Mona Sedky, an attorney in the Justice Department’ Computer Crime and Intellectual property section, billed herself today as the “voice of doom,” and lived up to that title in describing the potential security downsides of voice cloning technologies at a Federal Trade Commission workshop.
In its announcement for the workshop, the FTC explained that “voice cloning technologies … enable users to make near-perfect reproductions of a real person’s voice.” Cybercriminals are able to harness rapid advancements in artificial intelligence and text-to-speech synthesis to create “a near-perfect voice clone with less than a five-second recording of a person’s voice,” the agency said.
Sedky, who specializes in online fraud that uses social engineering, zeroed in on how cybercriminals can use deep fake audio and voice cloning to communicate while committing criminal acts.
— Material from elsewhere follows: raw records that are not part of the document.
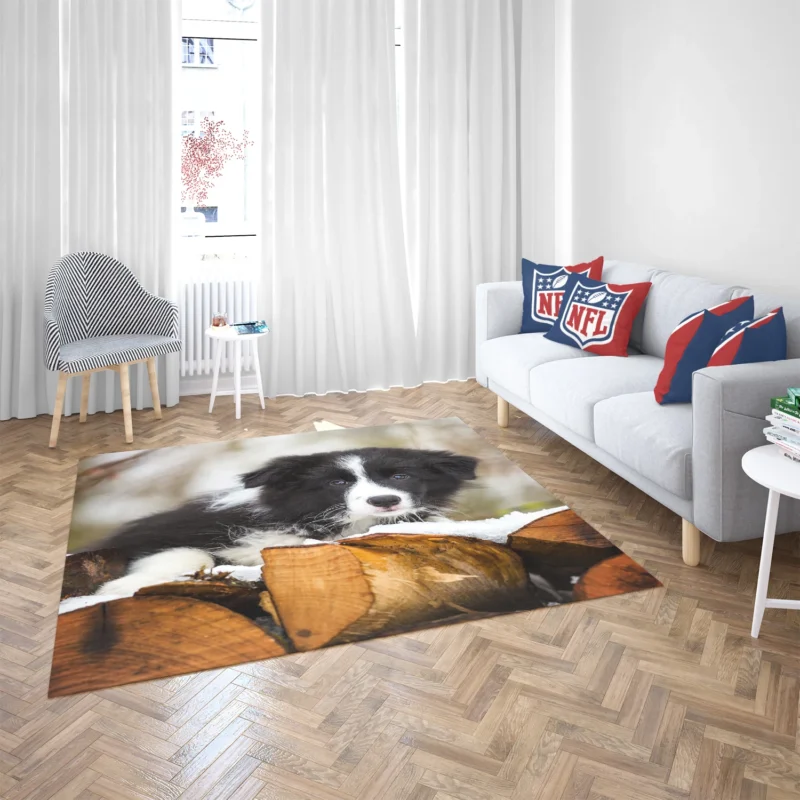 Playful Border Collie Pups with Border Collie Ba Floor Rug 2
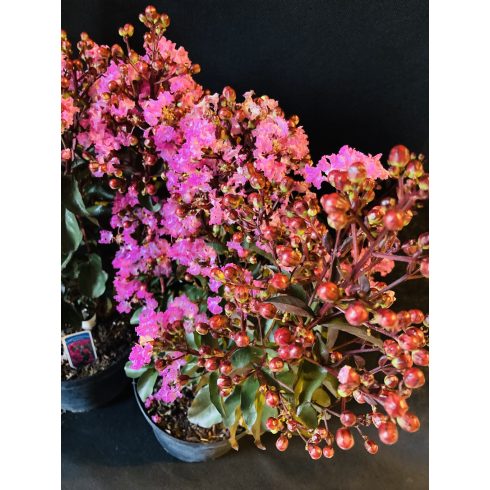 Kínai selyemmirtusz 'Rhapsody in Pink'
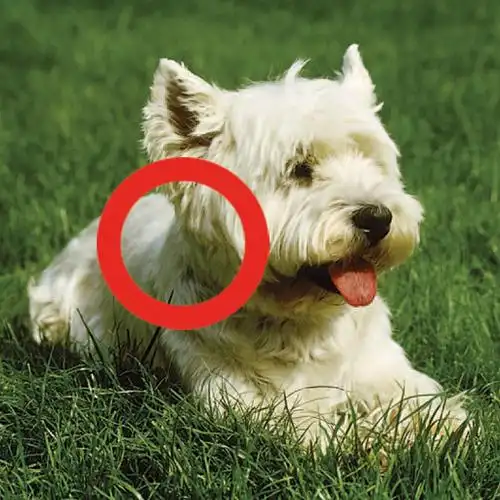 spot the difference – animals and plants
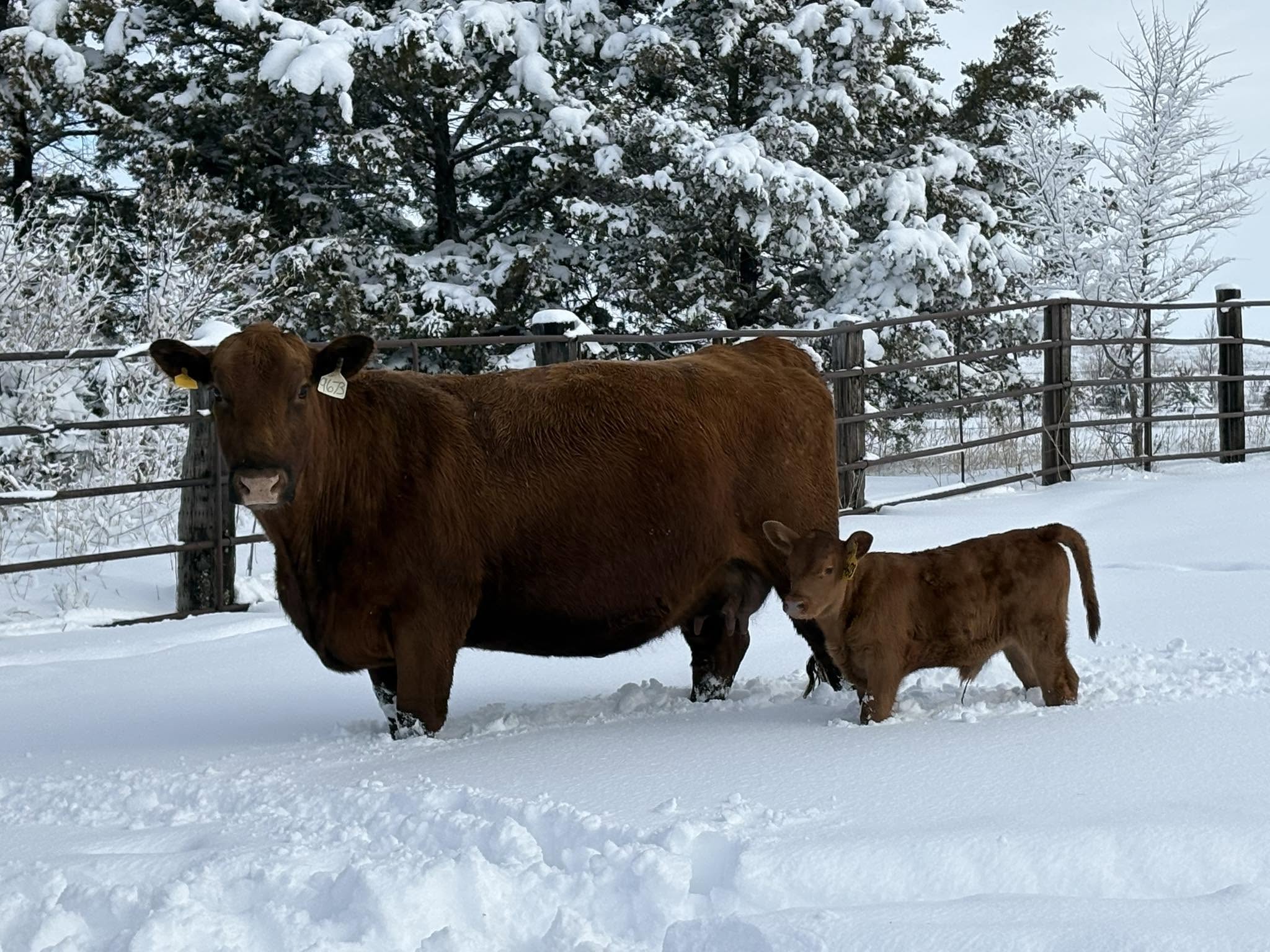 Gill Red Angus cowherd on pasture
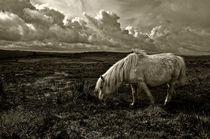 Pony grazing on Dartmoor by Rob Hawkins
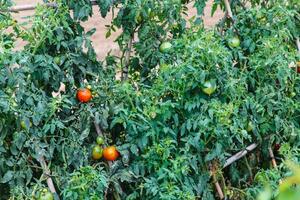 madurez Tomates en el abierto campo. foto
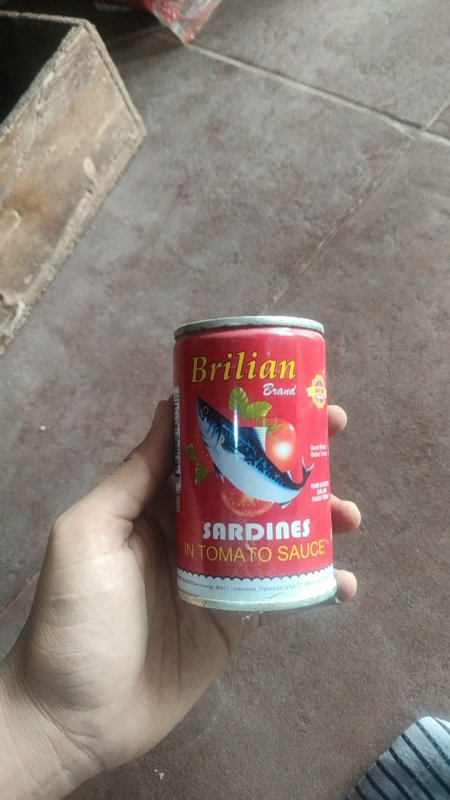 Sarden
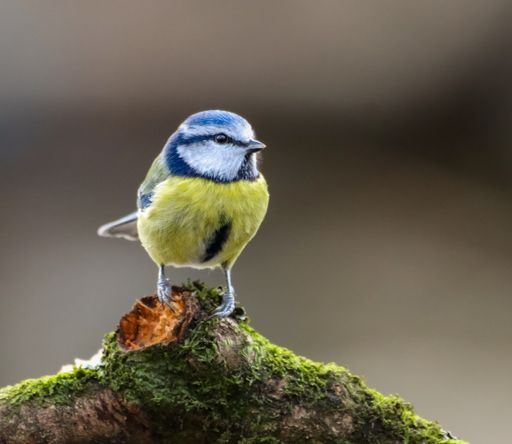 A small bird perched on a log amidst lush forest surroundings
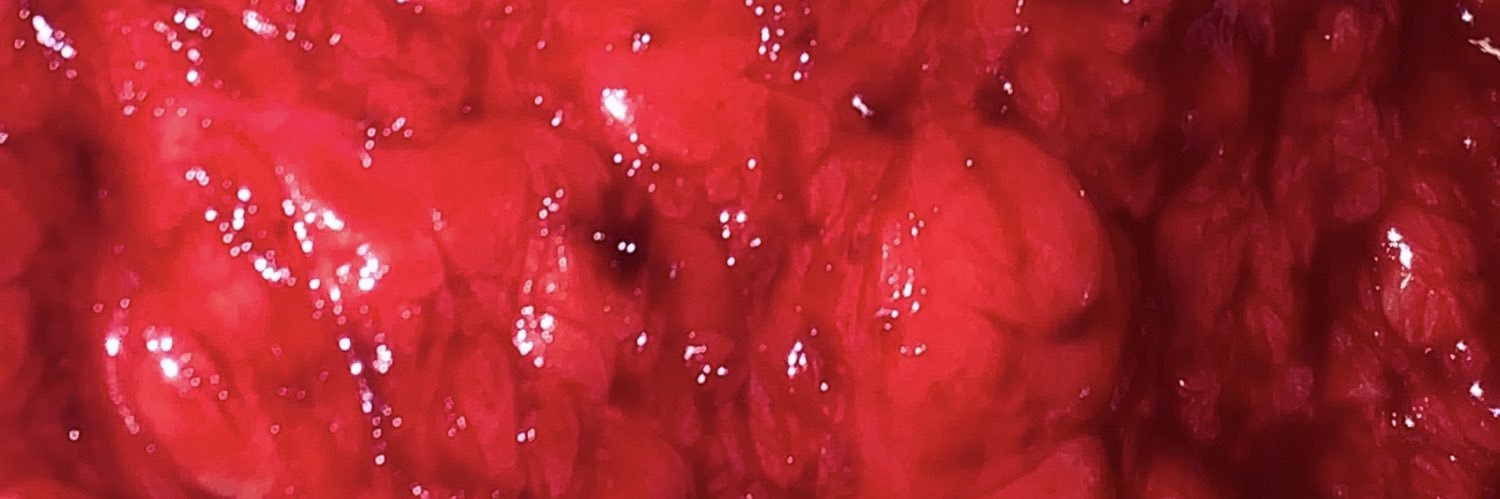 slaughter_slut's profile banner image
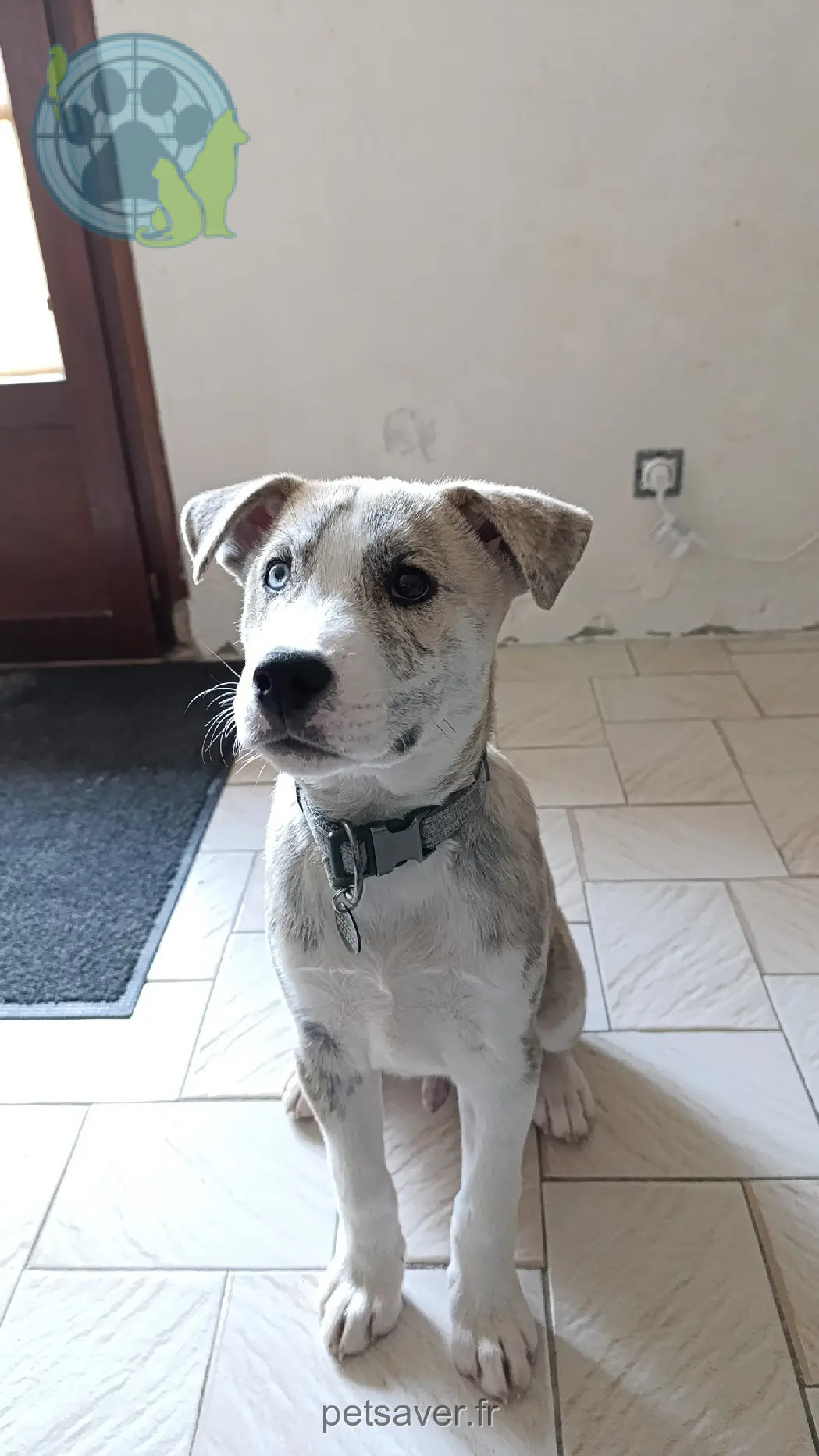 Chien Perdu 86 Vienne - Vaïko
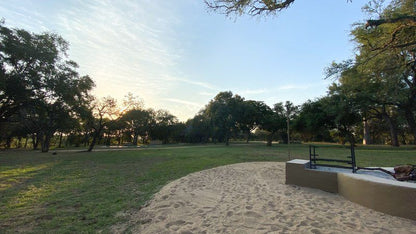 Giraffe Camp Hoedspruit Limpopo Province South Africa Beach, Nature, Sand, Ball Game, Sport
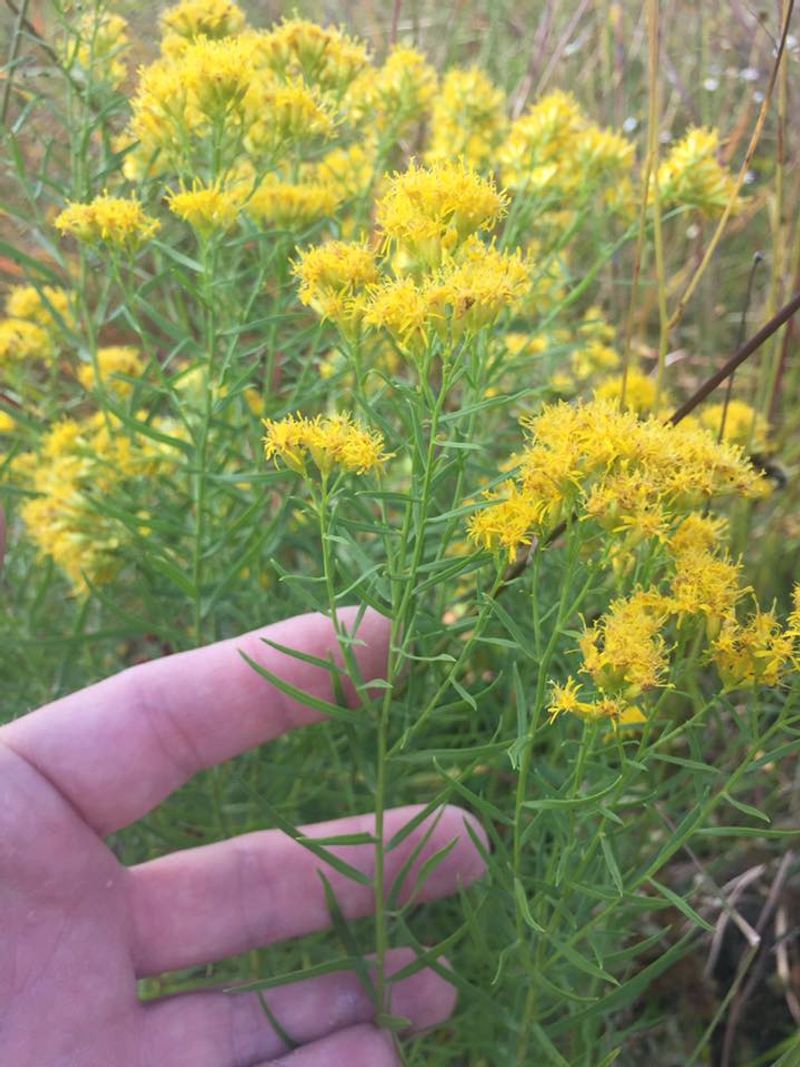 Flattop Goldenrod Flattop Goldenrod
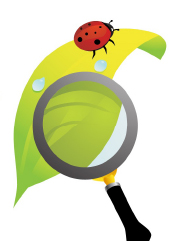 Cover photo for Mini Junior Master Gardener Day Camp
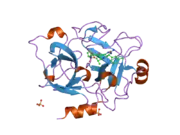 1zpc: Crystal Structure of the Catalytic Domain of Coagulation Factor XI in Complex with 2-[2-(3-Chloro-phenyl)-2-hydroxy-acetylamino]-N-[4-guanidino-1-(thiazole-2-carbonyl)-butyl]-3-methyl-butyramide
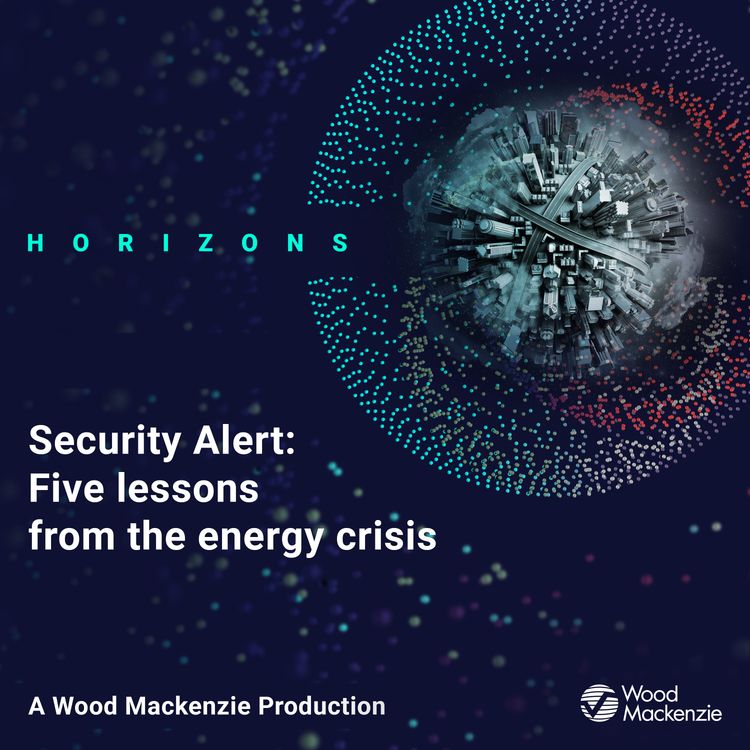 cover art for Security Alert: Five Lessons From The Energy Crisis
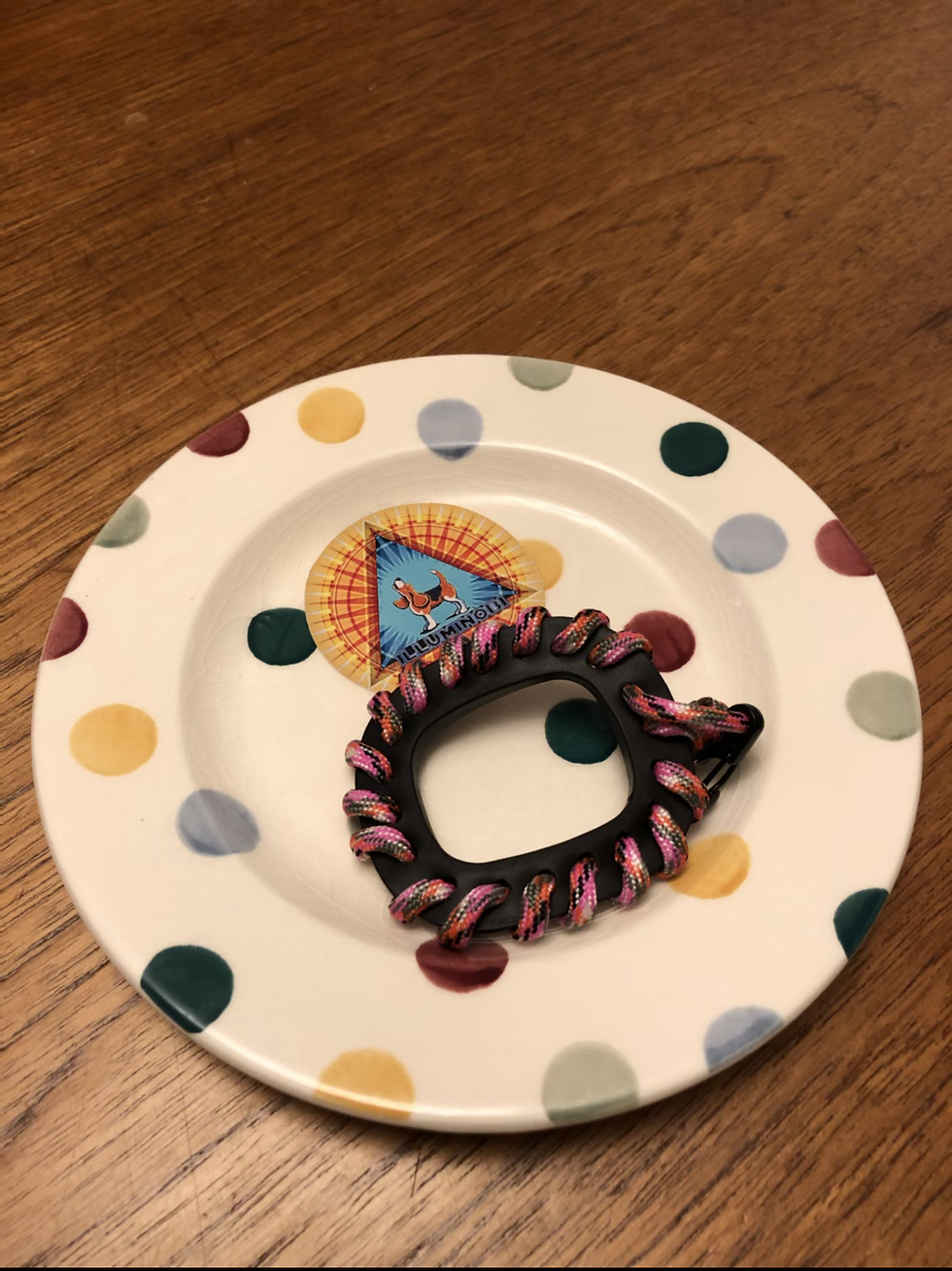 Thumbnail: Paracord Case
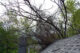 The tree that fell on the roof 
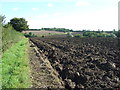 Path And Ploughed Field in CB9 7DZ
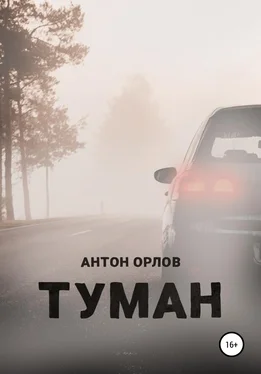 Антон Орлов Туман обложка книги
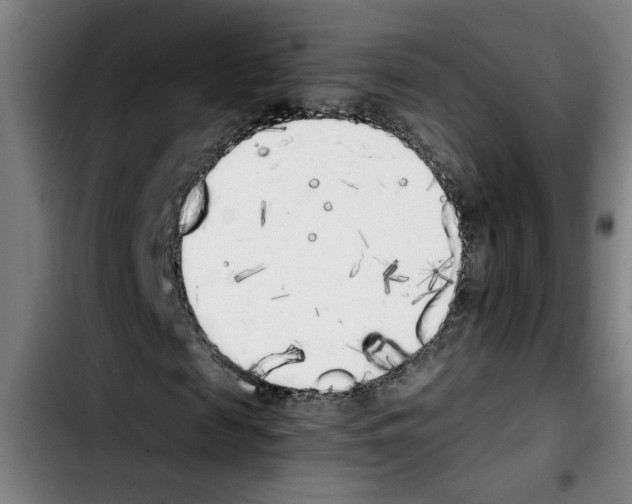 X0000103430817200810241056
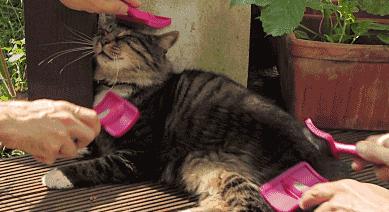 控制猫咪掉毛的最好方法是什么 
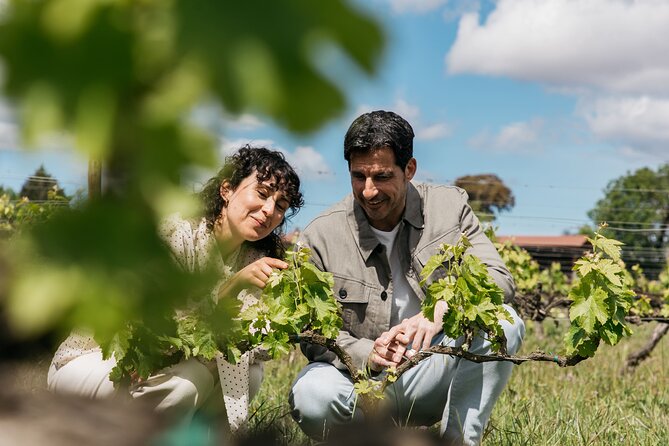 Familia Torres Winery: Gastronomic Tapas & Wine Experience - From Estació del Nord to the Penedès in one smooth move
She said cybercriminals really don’t want to communicate with their victims because they “leave fingerprints” that increase their risk of being caught. On top of that, communicating is “costly” and time consuming for criminals, and many of them “are bad at it,” Sedky said.
The DoJ official emphasized that without voicing cloning technology, “it’s difficult to convincingly pose as someone else.”
Because of the “advent of things like deep fake video, deep fake audio,” and other anonymizing communication tools, there has been “an enormous uptick in communication-focused crime,” she explained. With all of that in mind, she said there are “almost guaranteed criminal uses of this technology.”
Sedky said cybercriminals looking to commit fraud will “love this technology,” and predicted a resulting rise in “grandparent scams” and business email compromises – which Sedky said represent the “single largest financial injury of all computer crimes going on right now.”
Grandparent scams, as the name suggests, target the elderly and look to extract money via threats, scams, or creating fake problems involving their family or loved ones.
Sedky said a common fact pattern for business email compromises involves cybercriminals using spear phishing emails to impersonate an individual who does legitimate business with the victim. While businesses are becoming smarter about phishing attacks, Sedky said that voice cloning technology allows criminals to follow up on their emails with convincing phone calls.
Returning back to her self-proclaimed role as the “voice of doom,” she compared voice cloning to the internet, both on the upside and downside. “Just because the internet can be weaponized against people, doesn’t mean we shouldn’t have the internet. It just means that these are things we need to be thinking about,” she said.